British Columbia’s Ski Resorts are Home to Unexpected Adventure

Posted Friday, December 18, 2015

Kootenay Rockies, Thompson Okanagan, Vancouver, Coast & Mountains, Whistler, Ski & Snow Sport

While it’s no surprise that Canada’s westernmost province is home to stellar ski resorts, it’s the unexpected adventures that are cause for pause.

These Treads are Trending

Cool kids are cruising on fat bikes in British Columbia — the hottest new adventure to hit the snow this season. Where to hop in the saddle? Whistler Olympic Park debuts the wide tires this winter along specially designated trails (adventurers who two-wheel it after 5 p.m. on Wednesdays can spin their wheels for just $5). In BC’s Okanagan, enthusiasts can hit more than 15 kilometres (nine miles) of fat bike trails at SilverStar Mountain Resort during regular cross-country ski hours; this is just one excursion available with the resort’s My1Pass, which features access to all-inclusive lift tickets for skiers and boarders, downhill rushes at the tube park, skating on the outdoor mountain pond and snowshoe and cross-country treks through forests of fir.; 

Further east in BC’s Kootenay Rockies, Kimberley Alpine Resort and sister mountain Fernie Alpine Resort have both joined the fat tire fleet. At each, mammoth tires and low gearing equal pedals in the snow that are easy to master, for both first-timers and seasoned cyclists. More steam? Kimberley promises a whopping 50 kilometres (31 miles) of designated and groomed trails for bikers of all skill levels.;    

At Panorama Mountain Resort, further southeast near Invermere, keeners can gear up in the Lower Village’s Nordic Centre, where Panorama’s outdoor adventure crew will provide intel on where best to make tracks (the firmer the Nordic trails, the better). Finally, Whitewater Ski Resort near Nelson adds a twist to their fat bike fun with new multi-use trails that welcome two-wheelers alongside their furry four-legged friends.;

Bright Lights, Big Skiing

In BC’s Okanagan, Big White Ski Resort doesn’t call it a day when the sun sets.

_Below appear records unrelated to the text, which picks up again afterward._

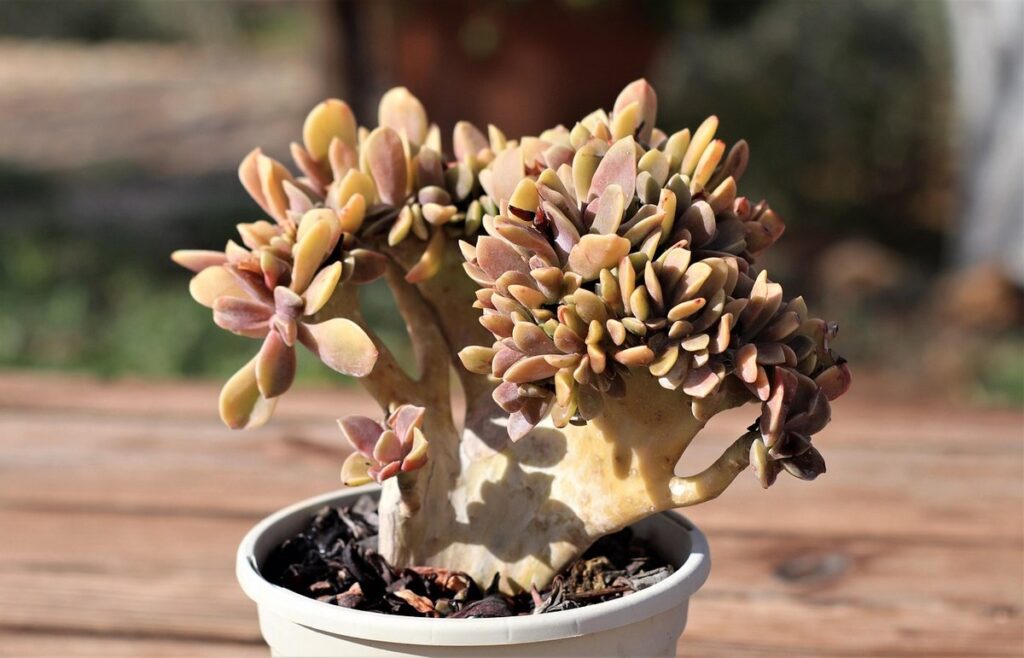 crested succulent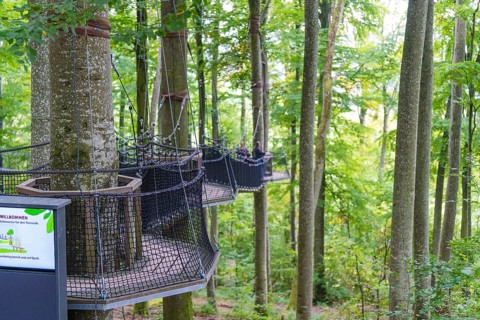 Wooden platforms between trees in the forest, Treewalk, Affenberg Salem, Bodenseekreis, Germany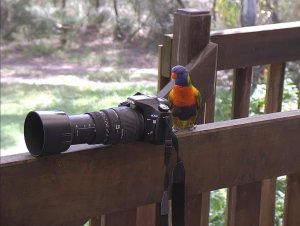 Wildlife Photographer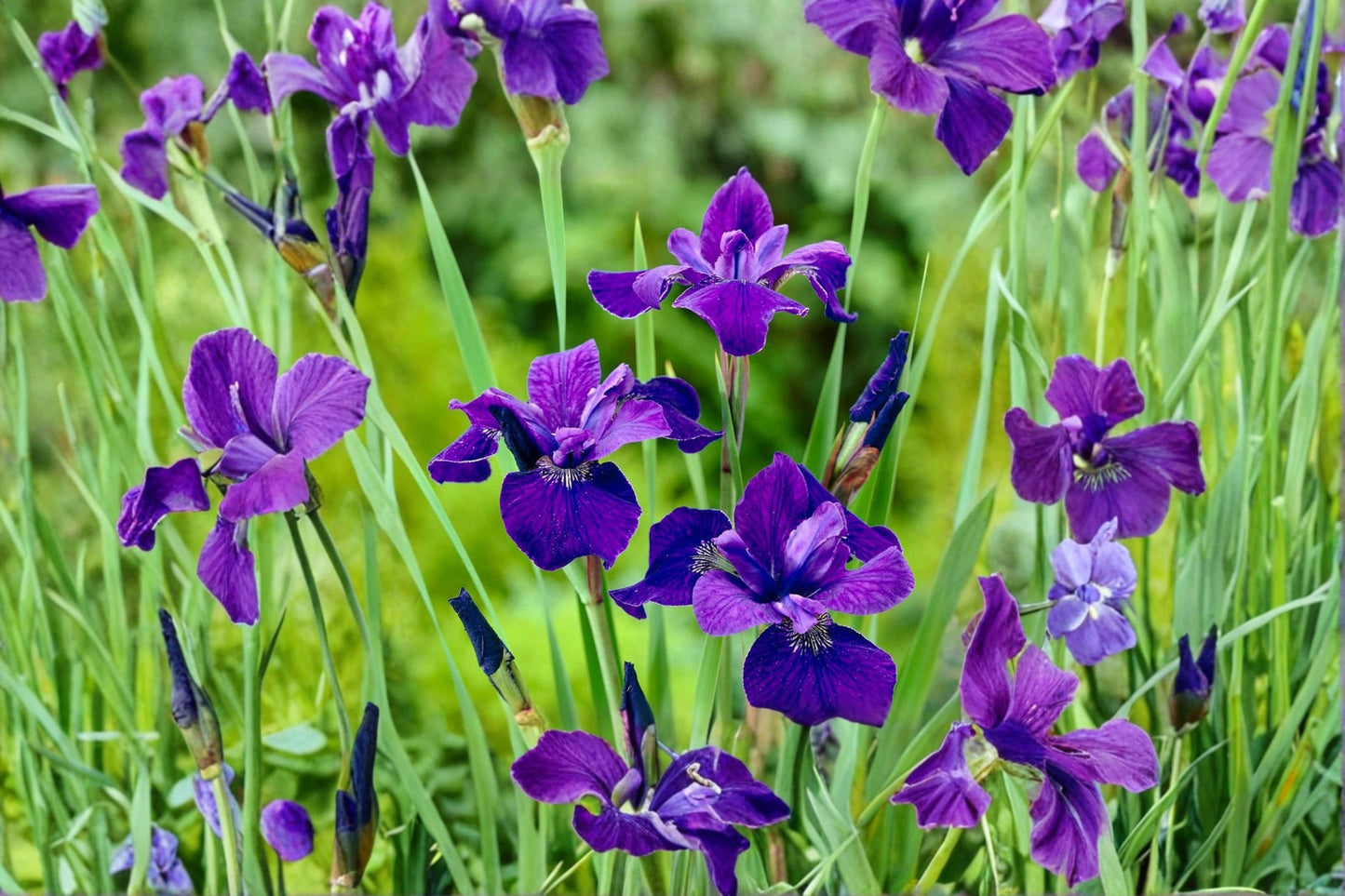 Iris sibirica 'Caesar's Brother' | Siberian Iris | Purple Perennial | Live Bareroot or Potted Plant | Fall 2026 Pre-Order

On the contrary; here, skiers and boarders are welcome to shred to their heart’s content, all on the largest night skiing area in Western Canada. Every Tuesday through Saturday enthusiasts can board the Bullet Express and Plaza Chair (featuring a combined capacity of more than 5,000 people per hour) to explore terrain lit by bright lights. Bonus: these rides will deposit skiers and boarders on the longest vertical drop (596 metres or 1,955 feet) found on any North American night skiing area. 

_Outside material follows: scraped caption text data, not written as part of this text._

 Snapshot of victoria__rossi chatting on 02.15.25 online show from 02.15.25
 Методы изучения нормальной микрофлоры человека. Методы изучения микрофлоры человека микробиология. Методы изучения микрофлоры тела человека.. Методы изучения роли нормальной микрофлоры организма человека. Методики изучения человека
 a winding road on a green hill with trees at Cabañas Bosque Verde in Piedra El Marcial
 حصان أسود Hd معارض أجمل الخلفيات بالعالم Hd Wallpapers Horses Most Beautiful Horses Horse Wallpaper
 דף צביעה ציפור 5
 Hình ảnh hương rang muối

A ski or snowboard glide under the stars is what’s in store at Kimberley Alpine Resort, where, when the moon is high, the natural landscape takes on an ethereal hue. Calm, crisp nights mean enthusiasts can navigate the terrain at a leisurely pace, while season-long Night Races and Rail Jams are sure to amp up the action and quicken the pulse. As added incentive, Kimberley boasts the longest night skiing run (approximately 2,500 metres or 8,202 feet) in North America.

Panorama’s Delectable Hut-to-Hut Experience

While Panorama Mountain Resort is home to memorable downhill pursuits, equally delectable on-mountain experiences await within the destination’s rustic cabin and huts, each built to resemble shelters that peppered the landscape during the fur trade era.

Mile 1 Hut, situated, appropriately, at the top of Mile One Lift, is a good place to start with its offering of gooey cheese fondue next to a blazing outdoor fire pit. Skiers and boarders can counteract their caloric intake with a leisurely ski or snowboard down Showoff run; if riding on a full stomach doesn’t appeal, downloading via the chairlift is a ready option.

Set midway down Panorama’s Rollercoaster run, Elkhorn Cabin is suited for a warming lunch, a la Swiss raclette (translation: guests will melt a cornucopia of cheese, vegetables and meat on their own personal grill). It’s a tasty, albeit messy, bit of indulgence that rises to another level when served with local BC wines and craft beer.    

For a final stop, the Summit Hut, at the top of Panorama Mountain, satisfies hungry crews with both quick mid-afternoon re-fuels (favourite nibbles include bratwurst and enormous home-baked cookies) and unhurried, private fondue parties. Enthusiasts will helicopter to Panorama’s peak for the latter experience, which serves up a traditional cheese and chocolate menu, deliciously paired with BC vintages. Following a final toast, diners will clip in for a scenic ski down to the village or return to the base by helicopter, bellies full.